December 12, 2017
MarkBernstein.org
 

The Nether: A Play

by Jennifer Haley

I’ve been interested of late in some moral questions raised by immersive fictions. For example, in Hamlet on the Star Trek holodeck, can one marry Ophelia? Can Holodeck Ophelia possibly give her consent?

Haley’s 2013 play, The Nether, explores an older vision of immersive fiction. She imagines a world in which Second Life has become a widespread escape from ecological and spiritual disaster, and place to which damaged people retreat for solace or to indulge their darker fantasies. It’s an AOL chat room gone mad. Yet, after all, it’s all just imaginary. No one is harmed, everyone has chosen to be where they are. The blood isn’t real, and the tears — well, what do tears signify in a construct?

It’s an intriguing inquisitorial drama, expertly propelled by the propulsive force of interrogation. It also does a superb job of handling a problem that drove me up the wall in Those Trojan Girls: how do we approach a story in which unspeakable things may happen to children? We could choose not to imagine such things, to be sure, but that’s untrue — and it betrays all those on whom such harms are, in fact, inflicted.

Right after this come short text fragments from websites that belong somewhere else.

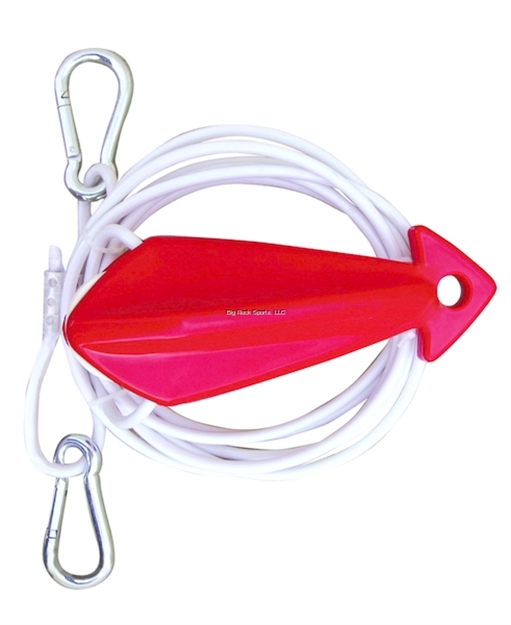 Picture of Kwik Tek Airhead Tow Demon Harness 8' Cable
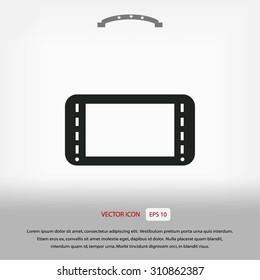 Flat icon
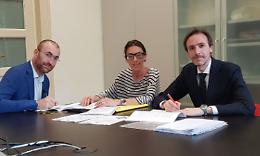 VENARIA. Vera e Gesin, sì alla fusione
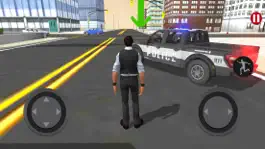 Game screenshot American Police Truck Driving hack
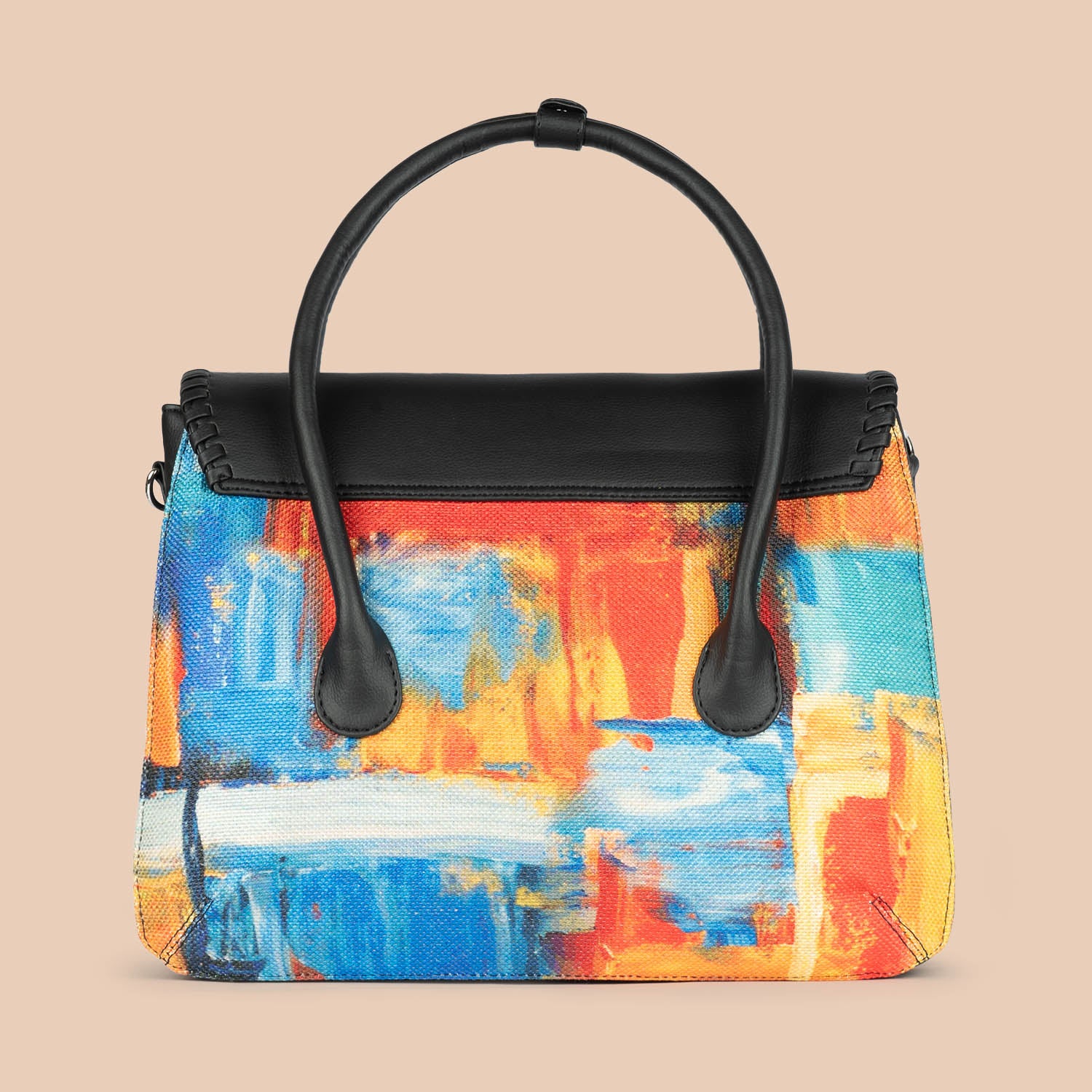 SAK Satchel - Abstract Amaze
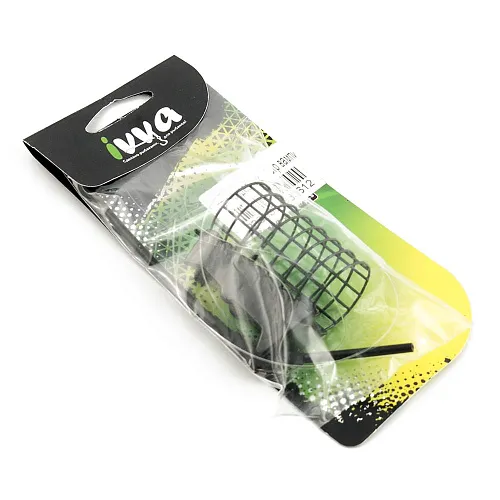 Монтаж фидерный IVVA (Вампир+флюр) 110 гр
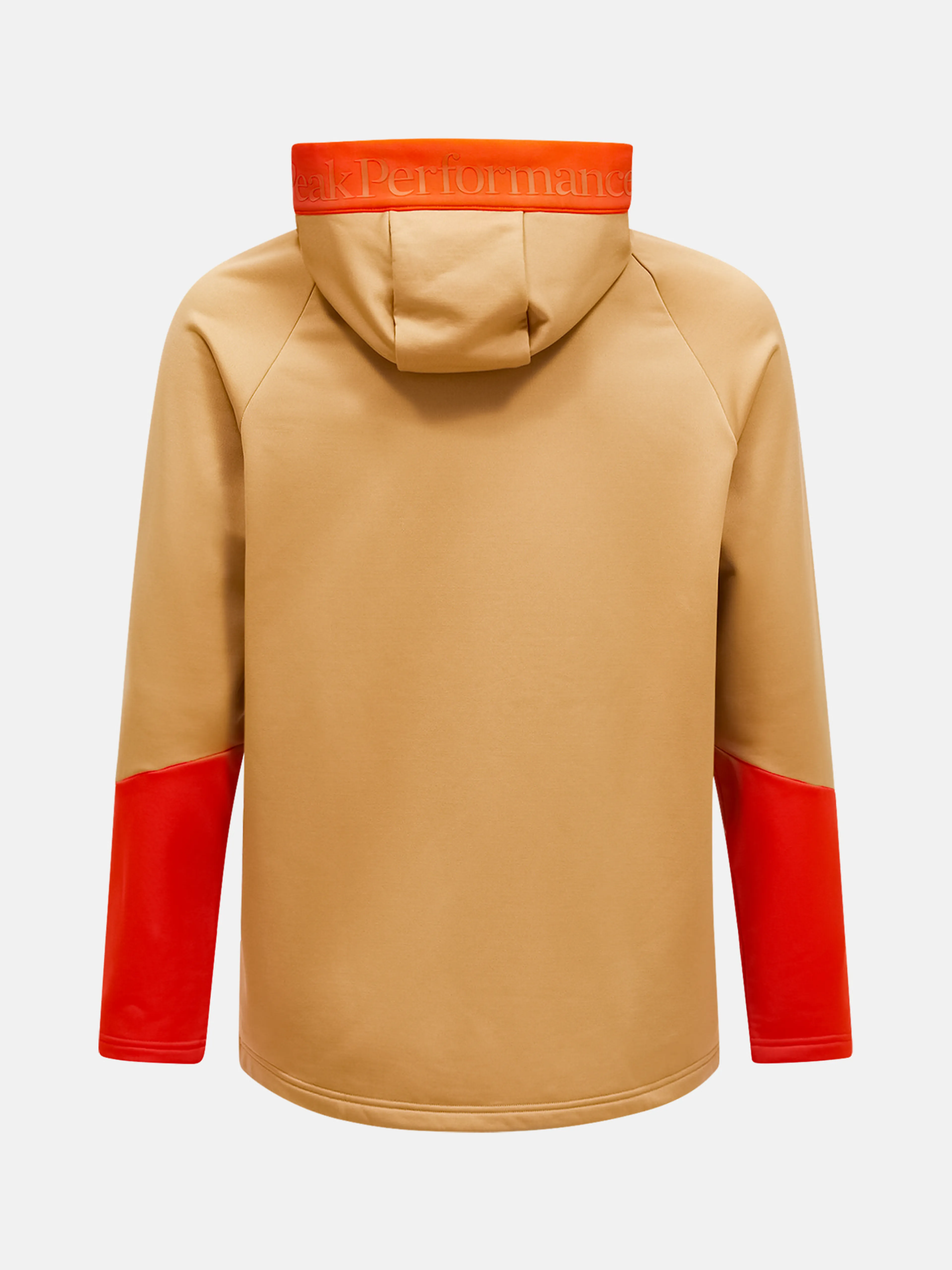 M Rider Essentials Zip Hood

To some extent, Haley’s problem is Plato’s: since fiction is a lie, what is to prevent us from simply telling ourselves stories that make us feel good? Might those stories keep us from actually doing things that are necessary if we are to make a better world? I’m more concerned, I think, with our impact on the imagined world: does acting badly in a story make you a bad person? Sometimes, I think, it might.